Although designing and implementing efficient algorithms is typically the most critical aspect of writing programs that perform well, there’s another, often overlooked factor that can have a major impact on performance: memory. Perhaps surprisingly, two algorithms with the same asymptotic performance (number of steps in the worst case) run on the same inputs might perform very differently in practice due to the organization of the hardware on which they execute. Such differences generally stem from the algorithms' memory accesses, particularly where they store data and the kinds of patterns they exhibit when accessing it.
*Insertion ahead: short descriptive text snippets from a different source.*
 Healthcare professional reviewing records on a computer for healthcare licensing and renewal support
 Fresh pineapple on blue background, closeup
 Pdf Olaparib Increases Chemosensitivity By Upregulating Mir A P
These patterns are referred to as memory locality, and to achieve the best performance, a program’s access patterns need to align well with the hardware’s memory arrangement.
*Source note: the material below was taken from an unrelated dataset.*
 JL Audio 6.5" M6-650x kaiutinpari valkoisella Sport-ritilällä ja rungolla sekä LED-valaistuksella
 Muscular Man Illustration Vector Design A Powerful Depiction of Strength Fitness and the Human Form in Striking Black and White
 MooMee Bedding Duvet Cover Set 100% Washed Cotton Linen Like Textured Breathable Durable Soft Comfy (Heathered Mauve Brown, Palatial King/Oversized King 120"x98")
For example, consider the following two variations of a function for averaging the values in an N×N matrix, as shown in Table 1. Despite both versions accessing the same memory locations an equal number of times (N²), the code on the left executes about five times faster on real systems than the code on the right. The difference arises from the patterns in which they access those memory locations. Toward the end of this chapter we analyze this example using the memory profiling tool Cachegrind.
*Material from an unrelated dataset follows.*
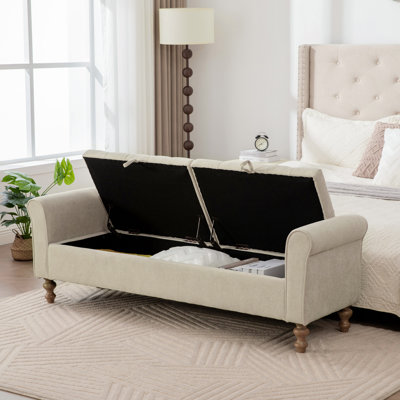 Storage Benches, 65.7 Inch Upholstered Wood Modern Bench For Bedroom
Table 1. Two versions of a function that accesses every element of an NxN matrix. They only differ in their memory indexing into the matrix.
`float averageMat_v1(int *mat, int n) { int i, j, total = 0; for (i = 0; i < n; i++) { for (j = 0; j < n; j++) { // Note indexing: [i][j] total += mat[i][j]; } } return (float) total / (n n); }`	`float averageMat_v2(int *mat, int n) { int i, j, total = 0; for (i = 0; i < n; i++) { for (j = 0; j < n; j++) { // Note indexing: [j][i] total += mat[j][i]; } } return (float) total / (n n); }`

float averageMat_v1(int **mat, int n) {
    int i, j, total = 0;

    for (i = 0; i < n; i++) {
        for (j = 0; j < n; j++) {
            // Note indexing: [i][j]
            total += mat[i][j];
        }
    }

    return (float) total / (n * n);
}

float averageMat_v2(int **mat, int n) {
    int i, j, total = 0;

    for (i = 0; i < n; i++) {
        for (j = 0; j < n; j++) {
            // Note indexing: [j][i]
            total += mat[j][i];
        }
    }

    return (float) total / (n * n);
}

Storage locations like registers, CPU caches, main memory, and files on disk all feature remarkably different access times, transfer rates, and storage capacities. When programming a high-performance application, it’s important to consider where data is stored and how frequently the program accesses each device’s data. For example, accessing a slow disk once as the program starts is rarely a major concern. On the other hand, accessing the disk frequently will slow down the program considerably.

This chapter characterizes a diverse set of memory devices and describes how they’re organized in a modern PC. With that context, we’ll see how a collection of varied memory devices can be combined to exploit the locality found in a typical program’s memory access patterns.